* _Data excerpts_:
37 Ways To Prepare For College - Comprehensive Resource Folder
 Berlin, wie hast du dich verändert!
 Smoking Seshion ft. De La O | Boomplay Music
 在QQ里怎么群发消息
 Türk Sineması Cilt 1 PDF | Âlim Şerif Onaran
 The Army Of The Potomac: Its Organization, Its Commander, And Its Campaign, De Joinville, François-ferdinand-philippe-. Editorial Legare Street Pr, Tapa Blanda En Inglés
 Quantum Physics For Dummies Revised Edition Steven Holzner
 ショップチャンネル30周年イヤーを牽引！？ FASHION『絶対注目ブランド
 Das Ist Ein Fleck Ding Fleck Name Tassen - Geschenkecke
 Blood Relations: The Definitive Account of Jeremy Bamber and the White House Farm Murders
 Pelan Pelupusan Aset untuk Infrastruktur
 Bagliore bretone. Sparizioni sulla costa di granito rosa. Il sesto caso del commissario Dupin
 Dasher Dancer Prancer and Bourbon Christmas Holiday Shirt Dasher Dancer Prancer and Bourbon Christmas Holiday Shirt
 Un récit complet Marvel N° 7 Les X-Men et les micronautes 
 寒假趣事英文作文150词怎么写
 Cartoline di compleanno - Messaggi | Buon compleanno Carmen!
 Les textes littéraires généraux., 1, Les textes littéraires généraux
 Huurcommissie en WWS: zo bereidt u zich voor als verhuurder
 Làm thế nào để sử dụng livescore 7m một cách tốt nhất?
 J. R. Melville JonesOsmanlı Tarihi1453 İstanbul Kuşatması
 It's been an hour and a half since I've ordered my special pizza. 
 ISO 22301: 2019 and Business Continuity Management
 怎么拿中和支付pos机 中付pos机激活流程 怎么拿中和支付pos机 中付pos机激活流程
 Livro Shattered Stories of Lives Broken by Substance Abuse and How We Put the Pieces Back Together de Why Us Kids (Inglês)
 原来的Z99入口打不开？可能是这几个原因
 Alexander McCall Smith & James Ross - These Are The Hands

* _TASK TO COMPLETE_: Out of the data above, give again only the lines starting at the one holding "Smoking Seshion ft. De La O | Boomplay Music" and ending at the one holding "Das Ist Ein", unchanged.

* _SOLUTION TO THIS PROBLEM_:
 Smoking Seshion ft. De La O | Boomplay Music
 在QQ里怎么群发消息
 Türk Sineması Cilt 1 PDF | Âlim Şerif Onaran
 The Army Of The Potomac: Its Organization, Its Commander, And Its Campaign, De Joinville, François-ferdinand-philippe-. Editorial Legare Street Pr, Tapa Blanda En Inglés
 Quantum Physics For Dummies Revised Edition Steven Holzner
 ショップチャンネル30周年イヤーを牽引！？ FASHION『絶対注目ブランド
 Das Ist Ein Fleck Ding Fleck Name Tassen - Geschenkecke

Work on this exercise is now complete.